INPUT RECORDS:
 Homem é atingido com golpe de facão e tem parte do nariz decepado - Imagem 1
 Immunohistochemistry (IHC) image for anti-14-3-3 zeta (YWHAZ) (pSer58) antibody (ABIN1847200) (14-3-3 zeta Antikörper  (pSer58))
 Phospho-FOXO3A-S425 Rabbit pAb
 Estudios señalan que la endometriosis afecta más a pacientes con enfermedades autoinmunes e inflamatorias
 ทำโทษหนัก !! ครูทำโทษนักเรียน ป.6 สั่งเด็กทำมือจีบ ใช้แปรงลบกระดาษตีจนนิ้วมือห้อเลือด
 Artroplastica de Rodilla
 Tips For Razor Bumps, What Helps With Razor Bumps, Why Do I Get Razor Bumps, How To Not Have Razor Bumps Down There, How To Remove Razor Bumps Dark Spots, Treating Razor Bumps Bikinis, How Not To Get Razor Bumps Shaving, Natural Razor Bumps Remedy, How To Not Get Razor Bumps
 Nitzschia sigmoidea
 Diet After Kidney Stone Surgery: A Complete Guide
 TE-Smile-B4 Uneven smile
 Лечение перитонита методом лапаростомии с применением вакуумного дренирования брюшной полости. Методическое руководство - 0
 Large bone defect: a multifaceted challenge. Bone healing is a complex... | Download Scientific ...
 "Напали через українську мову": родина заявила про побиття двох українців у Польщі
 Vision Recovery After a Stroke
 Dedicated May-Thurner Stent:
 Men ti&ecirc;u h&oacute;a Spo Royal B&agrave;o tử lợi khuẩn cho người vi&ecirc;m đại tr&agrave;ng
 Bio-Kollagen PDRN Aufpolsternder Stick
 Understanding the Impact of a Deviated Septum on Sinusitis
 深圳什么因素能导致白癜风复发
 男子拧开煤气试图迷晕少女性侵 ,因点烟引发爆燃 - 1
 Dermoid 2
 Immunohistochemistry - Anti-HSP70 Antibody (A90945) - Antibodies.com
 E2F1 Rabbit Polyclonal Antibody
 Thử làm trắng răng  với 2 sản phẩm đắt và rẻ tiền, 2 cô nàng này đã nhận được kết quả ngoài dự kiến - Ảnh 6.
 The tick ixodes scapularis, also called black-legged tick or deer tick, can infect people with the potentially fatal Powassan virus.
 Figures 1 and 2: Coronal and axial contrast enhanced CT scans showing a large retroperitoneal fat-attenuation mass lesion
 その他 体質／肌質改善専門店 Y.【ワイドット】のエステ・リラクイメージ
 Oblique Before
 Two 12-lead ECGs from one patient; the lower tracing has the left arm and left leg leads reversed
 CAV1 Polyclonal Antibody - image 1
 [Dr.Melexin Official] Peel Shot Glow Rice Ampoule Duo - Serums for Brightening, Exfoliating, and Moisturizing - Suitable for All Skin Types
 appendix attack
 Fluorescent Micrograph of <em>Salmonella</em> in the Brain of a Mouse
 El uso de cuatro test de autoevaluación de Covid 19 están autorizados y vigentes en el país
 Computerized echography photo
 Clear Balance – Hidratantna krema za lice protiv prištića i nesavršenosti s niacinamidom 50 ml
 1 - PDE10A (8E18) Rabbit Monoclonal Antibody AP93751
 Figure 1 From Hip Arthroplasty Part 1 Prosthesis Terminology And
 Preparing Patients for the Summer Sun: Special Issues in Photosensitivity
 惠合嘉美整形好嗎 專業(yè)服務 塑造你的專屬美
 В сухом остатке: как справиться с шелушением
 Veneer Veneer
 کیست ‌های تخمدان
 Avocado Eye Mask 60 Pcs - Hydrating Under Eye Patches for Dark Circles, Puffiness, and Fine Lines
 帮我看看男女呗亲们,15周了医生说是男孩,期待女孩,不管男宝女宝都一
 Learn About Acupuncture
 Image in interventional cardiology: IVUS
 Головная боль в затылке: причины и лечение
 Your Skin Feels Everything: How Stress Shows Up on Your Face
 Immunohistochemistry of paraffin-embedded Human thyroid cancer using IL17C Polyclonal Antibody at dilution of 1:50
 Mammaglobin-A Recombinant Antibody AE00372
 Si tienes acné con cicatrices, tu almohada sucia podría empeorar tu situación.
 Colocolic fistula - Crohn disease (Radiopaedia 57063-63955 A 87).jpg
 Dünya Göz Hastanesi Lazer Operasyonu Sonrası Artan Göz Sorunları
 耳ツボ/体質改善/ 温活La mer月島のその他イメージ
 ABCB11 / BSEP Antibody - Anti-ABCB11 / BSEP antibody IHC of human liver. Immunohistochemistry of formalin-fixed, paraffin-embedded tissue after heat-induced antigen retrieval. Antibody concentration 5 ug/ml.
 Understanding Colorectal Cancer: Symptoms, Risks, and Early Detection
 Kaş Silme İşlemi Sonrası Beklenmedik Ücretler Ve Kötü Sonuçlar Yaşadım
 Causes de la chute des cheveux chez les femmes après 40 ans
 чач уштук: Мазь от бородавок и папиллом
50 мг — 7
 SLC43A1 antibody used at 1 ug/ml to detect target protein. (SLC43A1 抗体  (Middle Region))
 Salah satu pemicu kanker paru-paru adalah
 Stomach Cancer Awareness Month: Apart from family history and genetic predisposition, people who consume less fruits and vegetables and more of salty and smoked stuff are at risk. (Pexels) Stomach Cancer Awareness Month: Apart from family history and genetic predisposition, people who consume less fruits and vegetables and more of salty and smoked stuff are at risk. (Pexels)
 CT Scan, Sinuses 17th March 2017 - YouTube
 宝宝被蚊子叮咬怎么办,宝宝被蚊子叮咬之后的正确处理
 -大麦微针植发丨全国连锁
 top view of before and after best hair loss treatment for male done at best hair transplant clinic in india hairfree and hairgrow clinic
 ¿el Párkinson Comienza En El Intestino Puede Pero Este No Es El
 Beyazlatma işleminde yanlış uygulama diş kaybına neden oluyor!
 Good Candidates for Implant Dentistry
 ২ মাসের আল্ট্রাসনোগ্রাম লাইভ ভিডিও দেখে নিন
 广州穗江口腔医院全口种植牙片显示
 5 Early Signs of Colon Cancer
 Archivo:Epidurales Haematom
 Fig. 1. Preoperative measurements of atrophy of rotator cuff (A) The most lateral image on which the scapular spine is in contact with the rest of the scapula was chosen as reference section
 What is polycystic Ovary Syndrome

ACTION ITEM: Every entry needs to be copied exactly as it was written.

TASK RESULT:
 Homem é atingido com golpe de facão e tem parte do nariz decepado - Imagem 1
 Immunohistochemistry (IHC) image for anti-14-3-3 zeta (YWHAZ) (pSer58) antibody (ABIN1847200) (14-3-3 zeta Antikörper  (pSer58))
 Phospho-FOXO3A-S425 Rabbit pAb
 Estudios señalan que la endometriosis afecta más a pacientes con enfermedades autoinmunes e inflamatorias
 ทำโทษหนัก !! ครูทำโทษนักเรียน ป.6 สั่งเด็กทำมือจีบ ใช้แปรงลบกระดาษตีจนนิ้วมือห้อเลือด
 Artroplastica de Rodilla
 Tips For Razor Bumps, What Helps With Razor Bumps, Why Do I Get Razor Bumps, How To Not Have Razor Bumps Down There, How To Remove Razor Bumps Dark Spots, Treating Razor Bumps Bikinis, How Not To Get Razor Bumps Shaving, Natural Razor Bumps Remedy, How To Not Get Razor Bumps
 Nitzschia sigmoidea
 Diet After Kidney Stone Surgery: A Complete Guide
 TE-Smile-B4 Uneven smile
 Лечение перитонита методом лапаростомии с применением вакуумного дренирования брюшной полости. Методическое руководство - 0
 Large bone defect: a multifaceted challenge. Bone healing is a complex... | Download Scientific ...
 "Напали через українську мову": родина заявила про побиття двох українців у Польщі
 Vision Recovery After a Stroke
 Dedicated May-Thurner Stent:
 Men ti&ecirc;u h&oacute;a Spo Royal B&agrave;o tử lợi khuẩn cho người vi&ecirc;m đại tr&agrave;ng
 Bio-Kollagen PDRN Aufpolsternder Stick
 Understanding the Impact of a Deviated Septum on Sinusitis
 深圳什么因素能导致白癜风复发
 男子拧开煤气试图迷晕少女性侵 ,因点烟引发爆燃 - 1
 Dermoid 2
 Immunohistochemistry - Anti-HSP70 Antibody (A90945) - Antibodies.com
 E2F1 Rabbit Polyclonal Antibody
 Thử làm trắng răng  với 2 sản phẩm đắt và rẻ tiền, 2 cô nàng này đã nhận được kết quả ngoài dự kiến - Ảnh 6.
 The tick ixodes scapularis, also called black-legged tick or deer tick, can infect people with the potentially fatal Powassan virus.
 Figures 1 and 2: Coronal and axial contrast enhanced CT scans showing a large retroperitoneal fat-attenuation mass lesion
 その他 体質／肌質改善専門店 Y.【ワイドット】のエステ・リラクイメージ
 Oblique Before
 Two 12-lead ECGs from one patient; the lower tracing has the left arm and left leg leads reversed
 CAV1 Polyclonal Antibody - image 1
 [Dr.Melexin Official] Peel Shot Glow Rice Ampoule Duo - Serums for Brightening, Exfoliating, and Moisturizing - Suitable for All Skin Types
 appendix attack
 Fluorescent Micrograph of <em>Salmonella</em> in the Brain of a Mouse
 El uso de cuatro test de autoevaluación de Covid 19 están autorizados y vigentes en el país
 Computerized echography photo
 Clear Balance – Hidratantna krema za lice protiv prištića i nesavršenosti s niacinamidom 50 ml
 1 - PDE10A (8E18) Rabbit Monoclonal Antibody AP93751
 Figure 1 From Hip Arthroplasty Part 1 Prosthesis Terminology And
 Preparing Patients for the Summer Sun: Special Issues in Photosensitivity
 惠合嘉美整形好嗎 專業(yè)服務 塑造你的專屬美
 В сухом остатке: как справиться с шелушением
 Veneer Veneer
 کیست ‌های تخمدان
 Avocado Eye Mask 60 Pcs - Hydrating Under Eye Patches for Dark Circles, Puffiness, and Fine Lines
 帮我看看男女呗亲们,15周了医生说是男孩,期待女孩,不管男宝女宝都一
 Learn About Acupuncture
 Image in interventional cardiology: IVUS
 Головная боль в затылке: причины и лечение
 Your Skin Feels Everything: How Stress Shows Up on Your Face
 Immunohistochemistry of paraffin-embedded Human thyroid cancer using IL17C Polyclonal Antibody at dilution of 1:50
 Mammaglobin-A Recombinant Antibody AE00372
 Si tienes acné con cicatrices, tu almohada sucia podría empeorar tu situación.
 Colocolic fistula - Crohn disease (Radiopaedia 57063-63955 A 87).jpg
 Dünya Göz Hastanesi Lazer Operasyonu Sonrası Artan Göz Sorunları
 耳ツボ/体質改善/ 温活La mer月島のその他イメージ
 ABCB11 / BSEP Antibody - Anti-ABCB11 / BSEP antibody IHC of human liver. Immunohistochemistry of formalin-fixed, paraffin-embedded tissue after heat-induced antigen retrieval. Antibody concentration 5 ug/ml.
 Understanding Colorectal Cancer: Symptoms, Risks, and Early Detection
 Kaş Silme İşlemi Sonrası Beklenmedik Ücretler Ve Kötü Sonuçlar Yaşadım
 Causes de la chute des cheveux chez les femmes après 40 ans
 чач уштук: Мазь от бородавок и папиллом
50 мг — 7
 SLC43A1 antibody used at 1 ug/ml to detect target protein. (SLC43A1 抗体  (Middle Region))
 Salah satu pemicu kanker paru-paru adalah
 Stomach Cancer Awareness Month: Apart from family history and genetic predisposition, people who consume less fruits and vegetables and more of salty and smoked stuff are at risk. (Pexels) Stomach Cancer Awareness Month: Apart from family history and genetic predisposition, people who consume less fruits and vegetables and more of salty and smoked stuff are at risk. (Pexels)
 CT Scan, Sinuses 17th March 2017 - YouTube
 宝宝被蚊子叮咬怎么办,宝宝被蚊子叮咬之后的正确处理
 -大麦微针植发丨全国连锁
 top view of before and after best hair loss treatment for male done at best hair transplant clinic in india hairfree and hairgrow clinic
 ¿el Párkinson Comienza En El Intestino Puede Pero Este No Es El
 Beyazlatma işleminde yanlış uygulama diş kaybına neden oluyor!
 Good Candidates for Implant Dentistry
 ২ মাসের আল্ট্রাসনোগ্রাম লাইভ ভিডিও দেখে নিন
 广州穗江口腔医院全口种植牙片显示
 5 Early Signs of Colon Cancer
 Archivo:Epidurales Haematom
 Fig. 1. Preoperative measurements of atrophy of rotator cuff (A) The most lateral image on which the scapular spine is in contact with the rest of the scapula was chosen as reference section
 What is polycystic Ovary Syndrome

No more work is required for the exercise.